If you do a Google Image search for “Austin” this is one of the first things that pops up. Two girls at the 1998 Austin Corvette Day. Granted, this probably has nothing at all to do with SXSW–yet judging by my first impressions of this place, I wouldn't be the least bit surprised if by the end of the week, I end up seeing two highly siliconed and bleached women purring atop a sleek sports car. It's shaping up to be that kind of trip.

SXSW is essentially a trade show. Except instead of blonde spokesmodels insinuating that they will be yours provided you spend $60,000 for a car that will make you look douchier than Steve Sanders, SXSW (and the major corporate behemoths paying for it), attempt to ply you with nothing but free booze, free food and free music. As Dilated Peoples once aptly put it, “You Got to Work the Angles.”

Last night, Austin seemed swept up by a sort of wiry, nervous energy as though the place was about to burst. I half-expected someone to stop me on the street, hand me a Shiner and offer a toast with their best Jeff Spiccoli refrain of, “Hey bud, let's party.”

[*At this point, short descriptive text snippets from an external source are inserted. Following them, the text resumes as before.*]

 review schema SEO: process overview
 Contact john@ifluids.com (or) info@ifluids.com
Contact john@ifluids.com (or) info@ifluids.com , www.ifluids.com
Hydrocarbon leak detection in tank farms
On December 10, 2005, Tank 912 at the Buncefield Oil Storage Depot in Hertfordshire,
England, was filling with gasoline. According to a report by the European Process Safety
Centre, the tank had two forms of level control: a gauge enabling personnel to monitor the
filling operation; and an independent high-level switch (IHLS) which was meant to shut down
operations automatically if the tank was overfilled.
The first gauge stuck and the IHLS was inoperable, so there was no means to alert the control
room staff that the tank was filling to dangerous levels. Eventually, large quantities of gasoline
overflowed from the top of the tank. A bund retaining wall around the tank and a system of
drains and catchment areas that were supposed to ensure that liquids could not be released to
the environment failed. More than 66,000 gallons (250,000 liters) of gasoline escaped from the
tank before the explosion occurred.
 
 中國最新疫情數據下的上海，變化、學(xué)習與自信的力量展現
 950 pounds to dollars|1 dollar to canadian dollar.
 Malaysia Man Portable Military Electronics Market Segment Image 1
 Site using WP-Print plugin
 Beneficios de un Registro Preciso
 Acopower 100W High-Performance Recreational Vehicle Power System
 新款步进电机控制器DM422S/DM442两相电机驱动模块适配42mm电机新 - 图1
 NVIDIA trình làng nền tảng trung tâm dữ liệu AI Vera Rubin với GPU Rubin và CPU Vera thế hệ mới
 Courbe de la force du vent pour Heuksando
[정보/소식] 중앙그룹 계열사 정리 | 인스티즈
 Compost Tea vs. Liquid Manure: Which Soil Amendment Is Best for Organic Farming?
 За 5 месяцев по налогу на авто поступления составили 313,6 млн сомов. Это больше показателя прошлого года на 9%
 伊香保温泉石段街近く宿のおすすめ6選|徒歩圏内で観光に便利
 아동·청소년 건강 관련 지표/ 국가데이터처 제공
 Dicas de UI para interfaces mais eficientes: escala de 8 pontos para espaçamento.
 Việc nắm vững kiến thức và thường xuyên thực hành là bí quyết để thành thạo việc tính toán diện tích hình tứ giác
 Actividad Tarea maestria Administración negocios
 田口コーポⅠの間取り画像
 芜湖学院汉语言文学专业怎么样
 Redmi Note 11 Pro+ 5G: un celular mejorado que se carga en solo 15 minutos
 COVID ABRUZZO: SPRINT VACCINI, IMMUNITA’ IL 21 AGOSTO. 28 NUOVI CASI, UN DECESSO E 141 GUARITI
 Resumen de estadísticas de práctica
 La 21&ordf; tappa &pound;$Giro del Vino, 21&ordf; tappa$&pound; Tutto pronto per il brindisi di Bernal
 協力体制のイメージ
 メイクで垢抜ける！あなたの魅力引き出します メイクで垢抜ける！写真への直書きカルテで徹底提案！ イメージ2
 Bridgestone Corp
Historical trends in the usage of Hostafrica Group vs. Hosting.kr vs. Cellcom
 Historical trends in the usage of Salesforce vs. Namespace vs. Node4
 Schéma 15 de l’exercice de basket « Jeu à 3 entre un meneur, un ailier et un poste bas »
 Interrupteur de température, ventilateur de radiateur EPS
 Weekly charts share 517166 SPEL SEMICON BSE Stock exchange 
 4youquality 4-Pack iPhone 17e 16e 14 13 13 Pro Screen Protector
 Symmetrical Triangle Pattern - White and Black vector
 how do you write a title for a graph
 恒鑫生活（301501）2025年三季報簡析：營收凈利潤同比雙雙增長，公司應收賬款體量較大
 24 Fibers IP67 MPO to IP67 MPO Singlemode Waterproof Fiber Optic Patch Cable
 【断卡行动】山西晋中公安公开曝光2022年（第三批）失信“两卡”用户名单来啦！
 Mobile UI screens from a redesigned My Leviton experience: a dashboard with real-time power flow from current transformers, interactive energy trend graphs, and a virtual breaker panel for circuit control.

That didn't happen. Sadly. Instead, thanks to the machinations of LA Weekly editor Randall Roberts, I found myself surrounded by a gaggle of film geeks, standing at the head of a lengthy line to get into the Independent Film Channel's “Crossroads Party.” Though I like the independent movies as much as the next man (oh, how that Juno has spunk) , hob-nobbing with the “indie cinema” crowd wasn't why I was at the Parish bar. No, I was there for the party's entertainment: Yo La Tengo and the best band in the world right now, My Morning Jacket.

Austin: Where the Beer Flows Like Wine


Inside, the place was a zoo, a hot, humid pit of people decked out in most cool/un-cool black glasses and their most lustrous beards. Since I have neither of those things, I felt a little out of place. Luckily, there was an open Absolut-sponsored bar, which naturally helped to ease me into my surroundings. Waiting in line for a drink, I happened to make conversation with a spectacles-sporting girl. Somehow, the band Ghostland Observatory came up and she starting telling me how the entire city of Austin is none-too-happy with Pitchfork's lacerating review last week where they labeled them as “Daft Punk for Frat Boys.” Sarcastically, I asked, “so what you're trying to tell me is that I shouldn't yell out 'Spoon sucks' just to piss off the people here.” She gave me a semi-smile and replied, “that might not be the best idea considering Britt's right over there.”

Sure enough, I turned around and to the right of the stage, where watching Yo La Tengo erupt into a feedback-drenched white squall of noise, was Spoon's front-man rocking out. It was weird. As for Ya La Tengo, the set started slow but picked up intensity rapidly. They don't have much charisma on-stage, which makes sense considering they used to be music critics, and like most music critics they have a salient awkwardness to them, moving in stiff disjointed rhythms, more cerebral than visceral. I mean really, there's only so wild you can get when your first name is Ira. Still, the band put on a good show. Score 1 for music critics.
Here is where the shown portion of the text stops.